Energy equities out of the gate too quick in 2021? We don’t think so. A surprise crude oil supply cut by Saudi Arabia limiting crude global by 1mmbbls/d in February and March 2021, combined with a ‘light blue sweep’ by the Democrats has given the market a justifiable boost in confidence that favorable near-term energy supply and demand trends should further support the rebound we’ve seen thus far in 2021.
Spiking global COVID cases and renewed lockdowns are prompting continued economic stimulus which should bold well for energy demand growth. Through year end, combined global stimulus (fiscal & monetary) has totaled ~$28.5Tn or roughly 33% of global GDP. In the US we anticipate 2021 GDP could reach 6%, the highest level since 1983. Global growth should drive energy demand higher particularly as economies re-open upon broader vaccination.
Beyond the immediate impact of supporting near-term economic growth, monetary and fiscal stimulus will likely bring lasting effects in the form of higher interest rates, a dollar weakness, and higher inflation which in turn should support commodity pricing. We believe this trend should support cyclical companies which of course includes energy equities.
Vaccination and herd immunity drive an energy demand rebound to pre-COVID levels likely by the first half of 2022, at which time commodity producers will be called upon to meet a rising global appetite for both crude oil and natural gas. With industry capacity dramatically reduced in response to the sector’s downturn, rising prices will be required to invite the capital, equipment and people necessary to meet rising energy needs. In this environment commodity price ‘spikes’ are not out of the question.
The 'Energy Transition' is underway and should accelerate under a Biden Presidency and Democrat controlled congress.

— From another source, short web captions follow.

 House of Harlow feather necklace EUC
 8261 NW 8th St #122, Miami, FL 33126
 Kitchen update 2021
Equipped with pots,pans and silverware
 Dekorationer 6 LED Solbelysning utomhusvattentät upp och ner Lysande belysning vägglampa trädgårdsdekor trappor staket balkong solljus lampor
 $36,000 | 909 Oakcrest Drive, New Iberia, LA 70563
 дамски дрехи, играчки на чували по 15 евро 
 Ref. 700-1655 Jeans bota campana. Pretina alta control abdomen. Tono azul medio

The transition will alter the mix of primary fuels towards zero and low carbon intensive fuels consumed on a global basis. We view these trends as secular in the sense that they should continue to unfold independent of cyclical influences that historically have defined energy commodity and equity performance. Amidst this transition we like natural gas and renewables and we think the lowest cost oil producers can thrive.

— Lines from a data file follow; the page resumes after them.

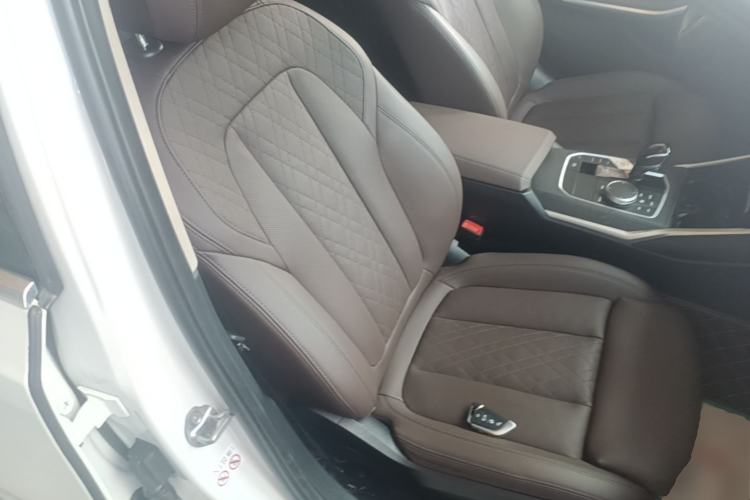 Used BMW 3 Series 2022 325i M Sport Package Right Front Seat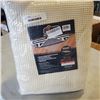 Image 1 : NEW GORILLA GRIP 10X14FT ULTRA STRONG RUG HOLD MATT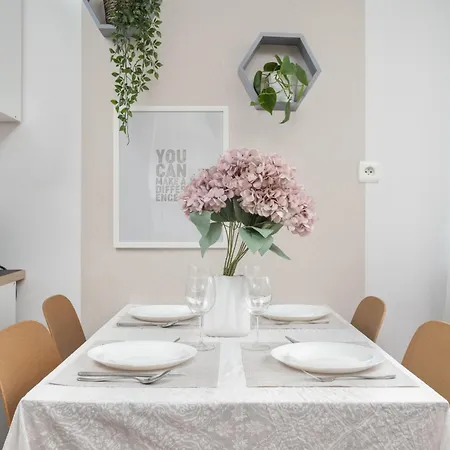 Przestronny Apartament Z Balkonem I Sypialnia By Renters Appartement
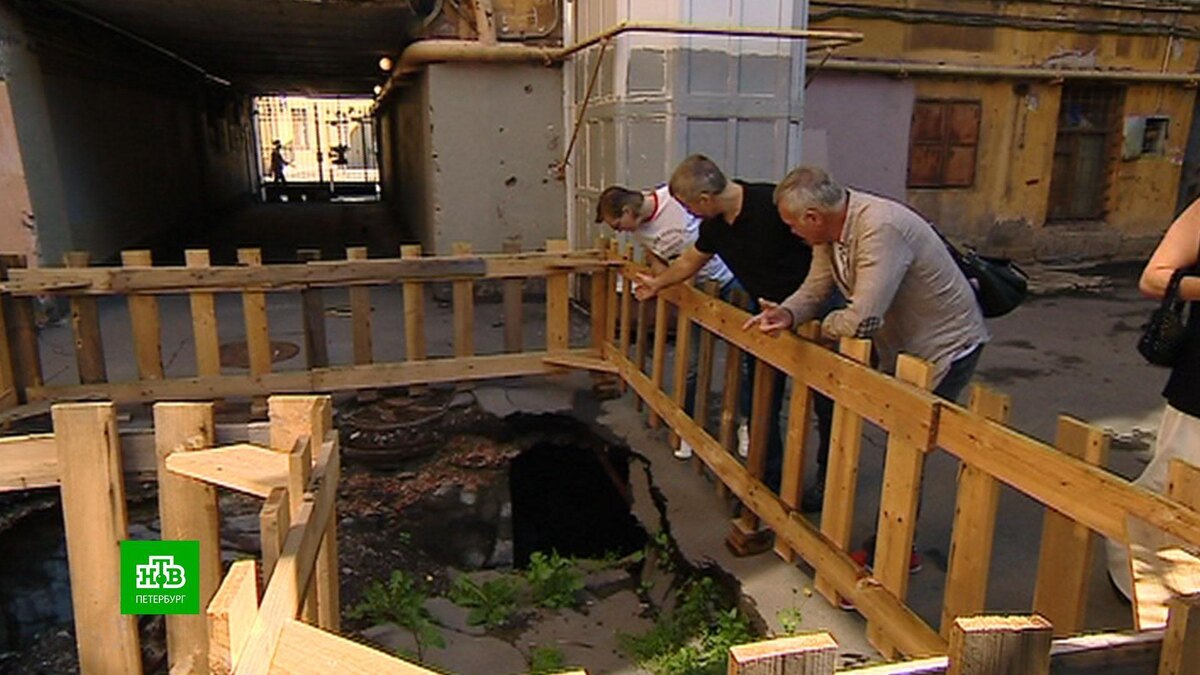 [ Смотреть видео на сайте НТВ ] Двор знаменитого дома, где жил и писал свои песни Майк Науменко, проваливается под землю.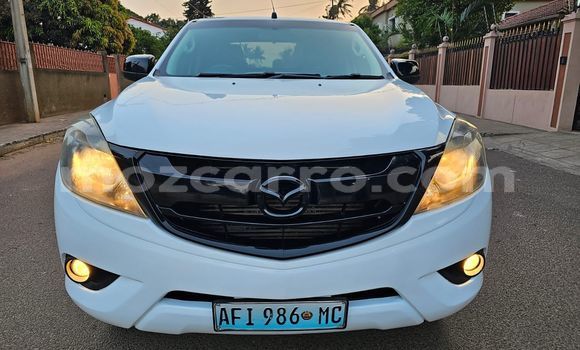 Nunua Ilio tumika Mazda BT-50 Nyeupe Gari ndani ya Maputo nchini Maputo Nunua Ilio tumika Mazda BT-50 Nyeupe Gari ndani ya Maputo nchini Maputo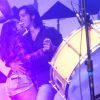 De shortinho, Anitta dança forró coladinha ao ator Rodrigo Simas em boate no Rio
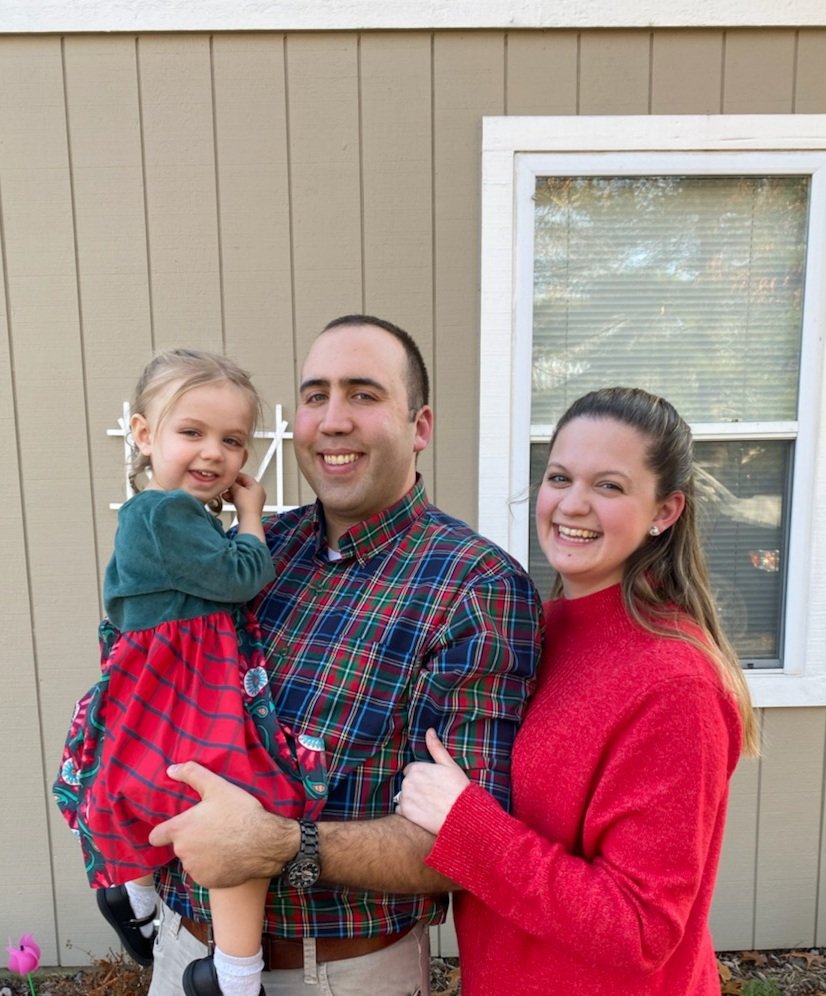 MConveryMath's tweet image. Today, I&apos;m thankful for my little family, my parents, brothers, and sister! I nominate @JAndersonBGCS and @angpoffBGCS - who are you thankful for? @bghsSABKeyC #bobcatsgive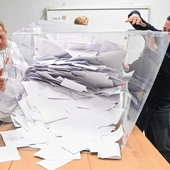Podliczono wszystkie głosy. PKW podała wyniki pierwszej tury wyścigu prezydenckiego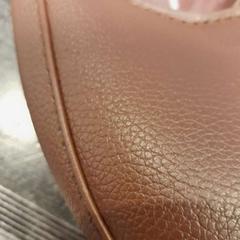 Bolso de mano de couleur marron, ha sido reportado por TCL con iLost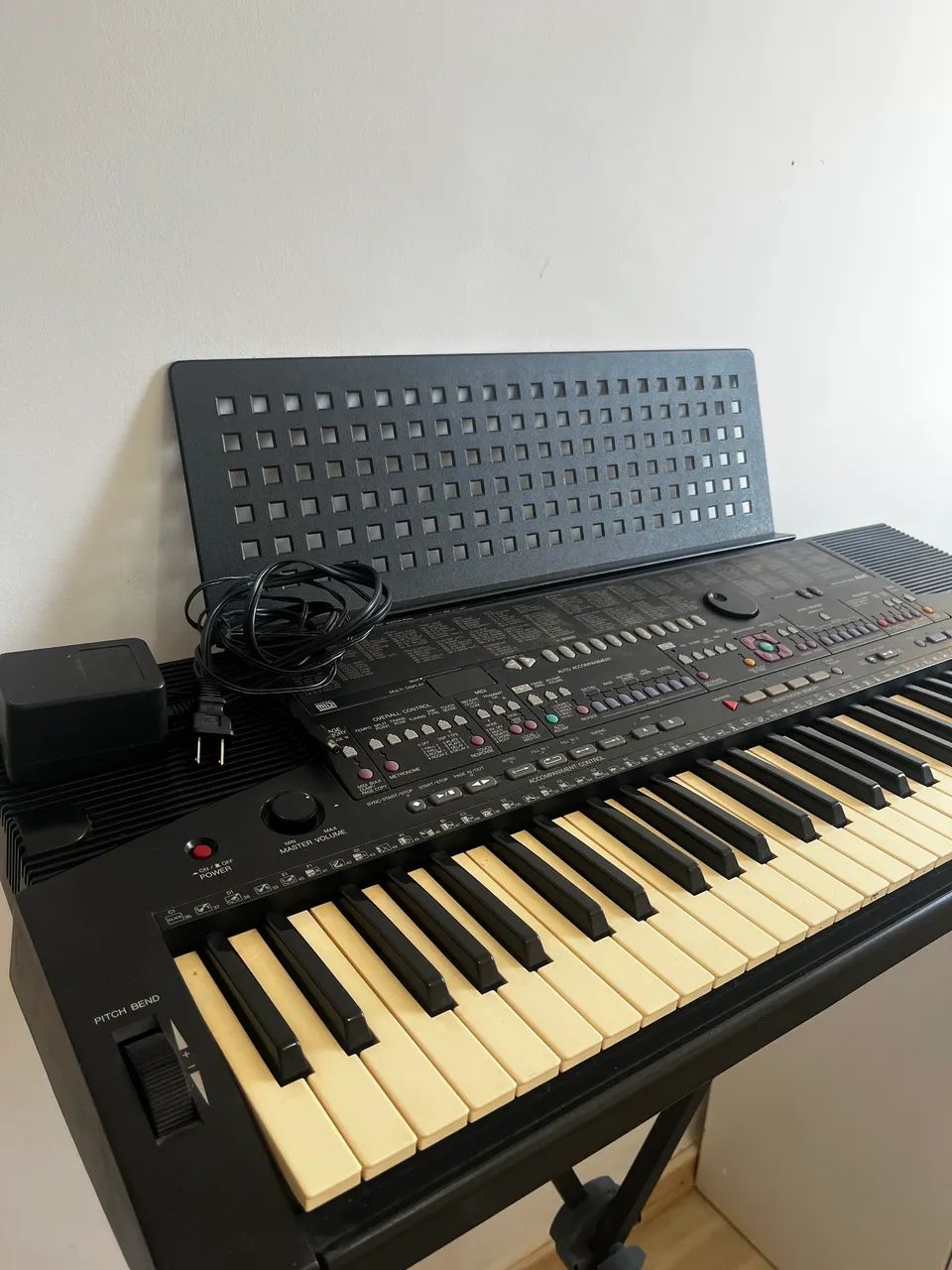 Teclado YAMAHA PSR-510 - Instrumentos musicais - Parque Rural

At current valuation levels, an abundance of attractive investment opportunity exists across both the renewable as well as the hydrocarbon energy value chains. While equities have risen, in some cases dramatically, we believe much of the sector has yet to discount the full potential represented by the growing needs of energy consumers around the world. As the global economy awakens from the pandemic rising energy demand should translate to an improvement in operating and financial for many energy companies providing continued support to the sector through the balance of 2021.